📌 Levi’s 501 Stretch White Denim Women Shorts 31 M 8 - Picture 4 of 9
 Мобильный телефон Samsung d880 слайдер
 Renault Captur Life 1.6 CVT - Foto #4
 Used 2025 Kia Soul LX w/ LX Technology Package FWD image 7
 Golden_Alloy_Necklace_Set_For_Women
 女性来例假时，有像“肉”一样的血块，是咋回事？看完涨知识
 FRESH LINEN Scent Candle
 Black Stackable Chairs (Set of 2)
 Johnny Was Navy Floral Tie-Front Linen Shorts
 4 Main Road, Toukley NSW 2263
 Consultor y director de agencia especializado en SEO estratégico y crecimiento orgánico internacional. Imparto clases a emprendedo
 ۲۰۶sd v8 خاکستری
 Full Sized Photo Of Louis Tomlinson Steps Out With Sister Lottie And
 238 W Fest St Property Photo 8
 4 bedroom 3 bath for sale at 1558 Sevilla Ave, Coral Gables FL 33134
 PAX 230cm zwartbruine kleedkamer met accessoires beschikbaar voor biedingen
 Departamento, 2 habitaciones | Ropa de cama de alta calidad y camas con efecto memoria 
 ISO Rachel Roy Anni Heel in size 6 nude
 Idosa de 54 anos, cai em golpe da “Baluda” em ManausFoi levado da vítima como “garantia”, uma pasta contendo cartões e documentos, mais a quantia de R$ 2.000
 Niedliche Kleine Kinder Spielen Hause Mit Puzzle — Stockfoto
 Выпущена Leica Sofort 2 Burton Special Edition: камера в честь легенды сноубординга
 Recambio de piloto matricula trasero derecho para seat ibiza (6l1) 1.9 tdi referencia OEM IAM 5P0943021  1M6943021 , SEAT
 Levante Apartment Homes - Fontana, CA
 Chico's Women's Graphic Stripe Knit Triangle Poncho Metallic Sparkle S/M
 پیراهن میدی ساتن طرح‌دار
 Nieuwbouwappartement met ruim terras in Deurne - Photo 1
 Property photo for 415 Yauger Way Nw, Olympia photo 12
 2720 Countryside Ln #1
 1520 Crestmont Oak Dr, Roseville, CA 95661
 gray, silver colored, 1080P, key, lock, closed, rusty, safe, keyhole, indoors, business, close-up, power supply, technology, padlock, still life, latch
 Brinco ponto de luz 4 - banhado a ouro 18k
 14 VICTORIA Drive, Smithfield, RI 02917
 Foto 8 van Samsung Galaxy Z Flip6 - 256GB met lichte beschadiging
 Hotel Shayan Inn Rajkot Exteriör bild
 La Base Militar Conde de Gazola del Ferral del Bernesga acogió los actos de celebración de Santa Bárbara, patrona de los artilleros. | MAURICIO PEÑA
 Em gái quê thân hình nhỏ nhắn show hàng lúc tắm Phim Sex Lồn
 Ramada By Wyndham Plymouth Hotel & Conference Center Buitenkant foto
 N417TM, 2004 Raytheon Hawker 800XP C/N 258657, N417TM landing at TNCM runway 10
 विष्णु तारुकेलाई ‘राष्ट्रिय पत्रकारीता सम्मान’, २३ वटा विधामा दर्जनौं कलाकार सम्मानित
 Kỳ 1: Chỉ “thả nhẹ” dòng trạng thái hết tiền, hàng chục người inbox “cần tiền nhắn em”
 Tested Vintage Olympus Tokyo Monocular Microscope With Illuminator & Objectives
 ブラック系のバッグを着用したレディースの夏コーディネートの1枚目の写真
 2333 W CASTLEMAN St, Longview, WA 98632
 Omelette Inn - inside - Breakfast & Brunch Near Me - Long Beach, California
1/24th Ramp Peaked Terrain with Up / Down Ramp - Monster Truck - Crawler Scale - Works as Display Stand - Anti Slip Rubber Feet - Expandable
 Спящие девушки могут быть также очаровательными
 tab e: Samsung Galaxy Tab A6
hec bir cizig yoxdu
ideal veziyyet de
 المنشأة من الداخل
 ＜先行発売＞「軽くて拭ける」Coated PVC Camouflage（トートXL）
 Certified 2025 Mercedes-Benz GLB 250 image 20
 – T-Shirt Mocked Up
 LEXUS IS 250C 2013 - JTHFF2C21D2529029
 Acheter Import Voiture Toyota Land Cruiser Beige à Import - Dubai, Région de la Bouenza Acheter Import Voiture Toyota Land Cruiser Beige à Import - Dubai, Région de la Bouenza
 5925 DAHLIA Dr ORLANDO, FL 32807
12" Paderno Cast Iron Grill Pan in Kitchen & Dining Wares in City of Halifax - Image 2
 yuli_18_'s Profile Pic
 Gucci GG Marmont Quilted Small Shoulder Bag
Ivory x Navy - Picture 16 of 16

▸ **ASSIGNED TASK**:
Your answer should consist of the lines from the line with "14 VICTORIA Drive, Smithfield, RI 02917" to the line with "Спящие девушки могут" above, repeated exactly, both ends included.

▸ **SOLUTION TO THIS PROBLEM**:
 14 VICTORIA Drive, Smithfield, RI 02917
 Foto 8 van Samsung Galaxy Z Flip6 - 256GB met lichte beschadiging
 Hotel Shayan Inn Rajkot Exteriör bild
 La Base Militar Conde de Gazola del Ferral del Bernesga acogió los actos de celebración de Santa Bárbara, patrona de los artilleros. | MAURICIO PEÑA
 Em gái quê thân hình nhỏ nhắn show hàng lúc tắm Phim Sex Lồn
 Ramada By Wyndham Plymouth Hotel & Conference Center Buitenkant foto
 N417TM, 2004 Raytheon Hawker 800XP C/N 258657, N417TM landing at TNCM runway 10
 विष्णु तारुकेलाई ‘राष्ट्रिय पत्रकारीता सम्मान’, २३ वटा विधामा दर्जनौं कलाकार सम्मानित
 Kỳ 1: Chỉ “thả nhẹ” dòng trạng thái hết tiền, hàng chục người inbox “cần tiền nhắn em”
 Tested Vintage Olympus Tokyo Monocular Microscope With Illuminator & Objectives
 ブラック系のバッグを着用したレディースの夏コーディネートの1枚目の写真
 2333 W CASTLEMAN St, Longview, WA 98632
 Omelette Inn - inside - Breakfast & Brunch Near Me - Long Beach, California
1/24th Ramp Peaked Terrain with Up / Down Ramp - Monster Truck - Crawler Scale - Works as Display Stand - Anti Slip Rubber Feet - Expandable
 Спящие девушки могут быть также очаровательными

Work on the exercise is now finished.